## INSTRUCTIONS TO FOLLOW
The expected output is the first line of the data below and every line after it, up to and including the line containing "Oris AquisPro 01", each reproduced exactly.

(Records from a collection)
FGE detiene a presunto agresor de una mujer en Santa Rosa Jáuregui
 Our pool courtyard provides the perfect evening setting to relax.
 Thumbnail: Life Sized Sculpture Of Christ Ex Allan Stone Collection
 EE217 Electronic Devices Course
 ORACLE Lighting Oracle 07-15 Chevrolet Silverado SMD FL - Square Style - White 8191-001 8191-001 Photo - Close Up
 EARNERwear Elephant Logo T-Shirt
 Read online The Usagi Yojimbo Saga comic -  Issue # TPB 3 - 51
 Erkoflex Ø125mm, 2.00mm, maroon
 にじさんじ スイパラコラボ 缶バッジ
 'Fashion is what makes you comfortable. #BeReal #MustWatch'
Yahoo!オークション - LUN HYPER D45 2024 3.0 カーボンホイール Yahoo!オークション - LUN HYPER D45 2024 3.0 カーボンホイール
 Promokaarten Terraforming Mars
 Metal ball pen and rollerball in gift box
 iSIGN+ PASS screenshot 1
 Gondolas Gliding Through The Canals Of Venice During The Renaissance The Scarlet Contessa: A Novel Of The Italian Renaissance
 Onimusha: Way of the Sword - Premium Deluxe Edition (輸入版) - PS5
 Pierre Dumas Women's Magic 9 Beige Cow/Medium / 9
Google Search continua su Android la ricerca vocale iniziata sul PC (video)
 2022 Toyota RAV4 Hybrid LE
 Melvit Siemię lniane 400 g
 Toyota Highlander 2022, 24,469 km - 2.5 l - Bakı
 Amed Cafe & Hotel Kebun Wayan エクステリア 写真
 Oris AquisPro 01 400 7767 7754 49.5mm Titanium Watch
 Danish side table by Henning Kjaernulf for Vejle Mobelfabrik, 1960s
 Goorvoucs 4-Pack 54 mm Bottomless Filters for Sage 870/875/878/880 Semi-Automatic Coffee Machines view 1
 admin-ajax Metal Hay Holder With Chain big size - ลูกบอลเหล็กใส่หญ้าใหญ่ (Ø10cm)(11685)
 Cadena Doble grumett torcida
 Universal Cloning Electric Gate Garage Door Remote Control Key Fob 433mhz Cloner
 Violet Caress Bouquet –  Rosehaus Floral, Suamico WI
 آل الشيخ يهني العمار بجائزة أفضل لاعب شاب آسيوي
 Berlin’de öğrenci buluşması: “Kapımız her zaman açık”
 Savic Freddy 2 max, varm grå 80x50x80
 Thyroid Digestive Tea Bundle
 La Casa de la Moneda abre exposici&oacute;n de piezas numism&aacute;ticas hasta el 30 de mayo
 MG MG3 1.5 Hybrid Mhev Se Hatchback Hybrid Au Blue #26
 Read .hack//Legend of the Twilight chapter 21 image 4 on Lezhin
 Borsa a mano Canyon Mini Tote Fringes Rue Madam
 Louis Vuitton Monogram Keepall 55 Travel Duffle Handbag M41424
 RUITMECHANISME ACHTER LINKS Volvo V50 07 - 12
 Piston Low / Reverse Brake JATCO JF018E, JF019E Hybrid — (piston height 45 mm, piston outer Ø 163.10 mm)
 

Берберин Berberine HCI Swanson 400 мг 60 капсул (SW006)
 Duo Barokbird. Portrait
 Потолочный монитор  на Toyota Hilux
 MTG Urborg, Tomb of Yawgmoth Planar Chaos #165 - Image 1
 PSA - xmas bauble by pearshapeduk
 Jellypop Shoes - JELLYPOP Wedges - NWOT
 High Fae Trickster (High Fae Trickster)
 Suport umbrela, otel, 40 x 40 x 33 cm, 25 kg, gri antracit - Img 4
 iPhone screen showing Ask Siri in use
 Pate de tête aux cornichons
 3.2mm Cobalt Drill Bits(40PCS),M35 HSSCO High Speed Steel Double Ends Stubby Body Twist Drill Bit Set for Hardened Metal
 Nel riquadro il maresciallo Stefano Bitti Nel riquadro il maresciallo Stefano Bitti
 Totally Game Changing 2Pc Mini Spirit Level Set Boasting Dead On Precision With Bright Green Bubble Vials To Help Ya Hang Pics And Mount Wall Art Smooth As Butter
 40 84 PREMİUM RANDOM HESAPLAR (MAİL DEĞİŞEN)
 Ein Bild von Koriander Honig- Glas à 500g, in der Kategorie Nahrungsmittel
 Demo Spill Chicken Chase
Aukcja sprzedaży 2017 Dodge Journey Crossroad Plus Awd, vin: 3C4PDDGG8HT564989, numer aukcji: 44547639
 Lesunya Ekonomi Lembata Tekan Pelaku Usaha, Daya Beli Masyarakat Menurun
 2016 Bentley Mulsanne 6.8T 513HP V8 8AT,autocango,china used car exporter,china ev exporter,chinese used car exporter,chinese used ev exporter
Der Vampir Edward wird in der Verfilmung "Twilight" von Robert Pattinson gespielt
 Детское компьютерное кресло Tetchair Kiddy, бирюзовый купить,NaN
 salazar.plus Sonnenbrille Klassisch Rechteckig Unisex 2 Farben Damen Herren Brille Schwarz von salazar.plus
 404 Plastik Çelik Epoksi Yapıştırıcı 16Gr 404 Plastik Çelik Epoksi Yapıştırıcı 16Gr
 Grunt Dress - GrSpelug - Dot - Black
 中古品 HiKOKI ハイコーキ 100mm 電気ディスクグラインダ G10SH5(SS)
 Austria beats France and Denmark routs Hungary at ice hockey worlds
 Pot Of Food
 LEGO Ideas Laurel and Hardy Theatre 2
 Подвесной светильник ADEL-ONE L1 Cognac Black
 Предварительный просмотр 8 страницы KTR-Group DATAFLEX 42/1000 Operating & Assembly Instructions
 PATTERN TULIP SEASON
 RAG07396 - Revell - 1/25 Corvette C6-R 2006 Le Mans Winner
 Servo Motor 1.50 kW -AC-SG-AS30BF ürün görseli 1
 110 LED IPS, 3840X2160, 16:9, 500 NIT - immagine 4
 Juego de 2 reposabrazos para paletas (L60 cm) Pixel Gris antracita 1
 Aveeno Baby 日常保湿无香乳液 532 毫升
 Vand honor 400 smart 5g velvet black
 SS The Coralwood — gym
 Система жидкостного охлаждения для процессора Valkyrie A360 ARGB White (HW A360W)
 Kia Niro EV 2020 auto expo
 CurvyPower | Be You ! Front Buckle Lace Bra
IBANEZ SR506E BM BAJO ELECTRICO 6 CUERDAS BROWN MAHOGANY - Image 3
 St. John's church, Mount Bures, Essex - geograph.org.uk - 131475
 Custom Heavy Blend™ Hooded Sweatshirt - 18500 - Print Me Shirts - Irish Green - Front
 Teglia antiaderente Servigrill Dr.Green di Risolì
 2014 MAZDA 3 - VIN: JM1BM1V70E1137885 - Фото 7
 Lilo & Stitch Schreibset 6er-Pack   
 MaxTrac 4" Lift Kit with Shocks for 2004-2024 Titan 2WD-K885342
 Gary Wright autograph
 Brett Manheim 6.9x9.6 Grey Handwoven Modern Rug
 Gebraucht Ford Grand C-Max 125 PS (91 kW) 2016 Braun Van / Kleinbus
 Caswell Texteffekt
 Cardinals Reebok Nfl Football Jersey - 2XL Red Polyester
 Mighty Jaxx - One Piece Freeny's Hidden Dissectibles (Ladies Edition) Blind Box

## ANSWER TO THIS EXERCISE
FGE detiene a presunto agresor de una mujer en Santa Rosa Jáuregui
 Our pool courtyard provides the perfect evening setting to relax.
 Thumbnail: Life Sized Sculpture Of Christ Ex Allan Stone Collection
 EE217 Electronic Devices Course
 ORACLE Lighting Oracle 07-15 Chevrolet Silverado SMD FL - Square Style - White 8191-001 8191-001 Photo - Close Up
 EARNERwear Elephant Logo T-Shirt
 Read online The Usagi Yojimbo Saga comic -  Issue # TPB 3 - 51
 Erkoflex Ø125mm, 2.00mm, maroon
 にじさんじ スイパラコラボ 缶バッジ
 'Fashion is what makes you comfortable. #BeReal #MustWatch'
Yahoo!オークション - LUN HYPER D45 2024 3.0 カーボンホイール Yahoo!オークション - LUN HYPER D45 2024 3.0 カーボンホイール
 Promokaarten Terraforming Mars
 Metal ball pen and rollerball in gift box
 iSIGN+ PASS screenshot 1
 Gondolas Gliding Through The Canals Of Venice During The Renaissance The Scarlet Contessa: A Novel Of The Italian Renaissance
 Onimusha: Way of the Sword - Premium Deluxe Edition (輸入版) - PS5
 Pierre Dumas Women's Magic 9 Beige Cow/Medium / 9
Google Search continua su Android la ricerca vocale iniziata sul PC (video)
 2022 Toyota RAV4 Hybrid LE
 Melvit Siemię lniane 400 g
 Toyota Highlander 2022, 24,469 km - 2.5 l - Bakı
 Amed Cafe & Hotel Kebun Wayan エクステリア 写真
 Oris AquisPro 01 400 7767 7754 49.5mm Titanium Watch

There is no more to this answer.